The following safeguards could be considered.

  • Disclosing to the audit committee the nature and extent of the litigation
  • Removing specific affected individuals from the engagement team
  • Involving an additional professional accountant on the team to review work

However, if the litigation is at all serious, it may be necessary to resign from the engagement, as the threat to independence is so great.

6.9.2 Second opinions

Another way that auditors can suffer an intimidation threat is when the audit client is unhappy with a proposed audit opinion, and seeks a second opinion from a different firm of auditors.

In such a circumstance, the second audit firm will not be able to give a formal audit opinion on the financial statements – only an appointed auditor can do that. However, the problem is that if a different firm of auditors indicates to someone else’s client that a different opinion might be acceptable, the appointed auditors may feel under pressure to change their opinion. In effect, a self-interest threat arises, as the existing auditor may feel that they will lose next year’s audit if they do not change this year’s opinion.

There is nothing to stop a company director talking to a second firm of auditors about treatments of matters in the financial statements. However, the firm being asked for a second opinion should be very careful, because it is very possible that the opinion they form could be incorrect anyway if the director has not given them all the relevant information. For that reason, firms giving a second opinion should ensure that they seek permission to communicate with the existing auditor and they are appraised of all the facts. If permission is not given, the second auditors should decline to comment on the audit opinion.

Given that second opinions can cause independence issues for the existing auditors, audit firms should generally take great care if asked to provide one anyway.

  7   Ethics in business

7.1 Businesses and ethics

 

Businesses also have ethical values, based on the norms and standards of behaviour that their leaders believe will best help them express their identity and achieve their objectives. Some of these ethical values may be explicit; for example, expressed in a mission statement or in employee training programmes. Others may be unwritten rules and customs that form part of the organisation’s culture: ‘the way we do things around here’.

Business life is a fruitful source of ethical dilemmas because its whole purpose is material gain, the making of profit. Success in business requires a constant, avid search for potential advantage over others and business people are under pressure to do whatever yields such advantage.

The table below summarises three elements to ethics.

Element Explanation
I Ethics concern an individual‘s professional responsibility to act.
DO Ethics concern the ‘real world’ practical actions an individual can take. It is important to consider how an individual acts and not always what they do.
BEST Ethics concern choices between different courses of action. These may involve taking a course of action which is less unpalatable than another.

7.1.1 An issue of trust

Whatever the situation, there is a public expectation (especially regarding professionals) that organisations will act ethically. This is known as the ‘Trust me’ model and was the case for many years when most businesses were owned by families. Times have now changed and most companies are now run by directors and mangers rather than fathers and sons and the model changed to ‘Involve me’ as more evidence was needed of their ethical credentials.

In recent times, trust in business has fallen and increasingly more evidence is required to demonstrate it. The ‘Show me’ stage required some demonstration of trust, ‘Prove to me’ required independent verification and assurance and the final stage of ‘Obey me’ would exist when the law creates legislation to cure instances of unethical behaviour. We are some way off this point currently.
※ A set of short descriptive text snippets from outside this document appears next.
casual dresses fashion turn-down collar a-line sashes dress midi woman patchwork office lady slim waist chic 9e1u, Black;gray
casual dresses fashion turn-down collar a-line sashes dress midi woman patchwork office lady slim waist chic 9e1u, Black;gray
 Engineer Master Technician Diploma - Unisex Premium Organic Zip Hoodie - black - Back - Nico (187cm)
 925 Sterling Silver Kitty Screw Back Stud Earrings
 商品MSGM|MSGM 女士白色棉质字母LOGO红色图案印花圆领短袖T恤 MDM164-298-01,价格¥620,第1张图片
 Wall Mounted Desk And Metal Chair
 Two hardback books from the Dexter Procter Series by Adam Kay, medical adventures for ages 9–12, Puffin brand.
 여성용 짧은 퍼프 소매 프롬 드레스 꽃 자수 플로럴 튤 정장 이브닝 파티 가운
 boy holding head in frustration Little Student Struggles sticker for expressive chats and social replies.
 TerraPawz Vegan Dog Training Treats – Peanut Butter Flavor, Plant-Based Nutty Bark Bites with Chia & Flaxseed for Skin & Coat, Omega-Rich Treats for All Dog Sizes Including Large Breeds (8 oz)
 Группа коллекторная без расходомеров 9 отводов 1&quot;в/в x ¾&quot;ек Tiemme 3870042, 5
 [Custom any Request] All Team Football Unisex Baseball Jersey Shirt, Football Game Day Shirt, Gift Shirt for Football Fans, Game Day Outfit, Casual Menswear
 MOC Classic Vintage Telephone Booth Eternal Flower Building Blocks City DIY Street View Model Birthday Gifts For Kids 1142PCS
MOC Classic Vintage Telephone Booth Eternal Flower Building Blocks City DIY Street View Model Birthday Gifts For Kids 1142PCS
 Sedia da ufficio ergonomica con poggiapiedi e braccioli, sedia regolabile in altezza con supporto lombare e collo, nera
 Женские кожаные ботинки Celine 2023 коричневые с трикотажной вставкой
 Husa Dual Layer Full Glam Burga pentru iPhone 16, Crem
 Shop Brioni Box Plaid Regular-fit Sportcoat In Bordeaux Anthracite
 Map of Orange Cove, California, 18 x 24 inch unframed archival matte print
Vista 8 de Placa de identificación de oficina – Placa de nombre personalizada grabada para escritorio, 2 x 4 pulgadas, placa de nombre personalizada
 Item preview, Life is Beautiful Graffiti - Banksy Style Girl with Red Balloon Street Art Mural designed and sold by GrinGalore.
What caused this trust to disintegrate? Since the 1980s, the UK has seen a procession of corporate disasters including the names of Barings Bank, Polly Peck and Maxwell. The US has seen scandals concerning Worldcom, Enron and Tyco. Europe did not escape and has seen its share of problems with Parmalat while, in Asia, Mitsubishi Motors and Daewoo have had issues too. All these scandals have severely knocked public confidence and trust in major corporations.

In an attempt to counter this lack of trust, many corporations have developed ethical strategies and policies to provide guidance and training for their employees. The strategy is set by the leadership and this will feed into all areas of the business and become part of the cultural DNA of the organisation.

7.1.2 Corporate Responsibility Policies and Reports

An ethical strategy is not always visible to outsiders, and many companies now produce Corporate Responsibility Policies (CRPs) and Corporate Responsibility Reports (CRRs) for their stakeholders to demonstrate their commitment and to manage their relationships in the wider community. They reflect the view that an organisation has responsibilities beyond that of its shareholders.


  • Corporate (Social) Responsibility policies

Corporate Responsibility policies are also known as Corporate Social Responsibility policies. These are policies in which the organisation decides how to help the local community that it is part of and which charities to support. However, they also deal with the wider community, and policies often focus on reducing the environmental impact the organisation has and where to recruit new employs from. These policies must be consistent with the overall aims of the organisation to ensure support continues even when the organisation faces its own problems, such as a downturn in profit.

  • Corporate Responsibility Reports

Many new technological advances allow for the reporting of statistics as carbon footprints and a company’s impact on the environment. These can be added to more conventional assessments such as staff turnover to provide quite a detailed report on the organisation.

Such corporate values also guide staff as to the expectations that employers have regarding their behaviour. The aim is to end up with consistent behaviour across the workforce in terms of personal conduct and professionalism. These policies are enforced on a voluntary basis and results are monitored through audits, surveys and interviews.

 

  8   Ethical dilemmas
Ethical dilemmas are situations where two ethical values or requirements seem to be incompatible. They can also arise where two conflicting demands or obligations are placed on an individual.

A conflict of interest arises where an individual has a duty to two or more parties. While working, information or other matters may arise that mean they cannot continue work for one party without harming another.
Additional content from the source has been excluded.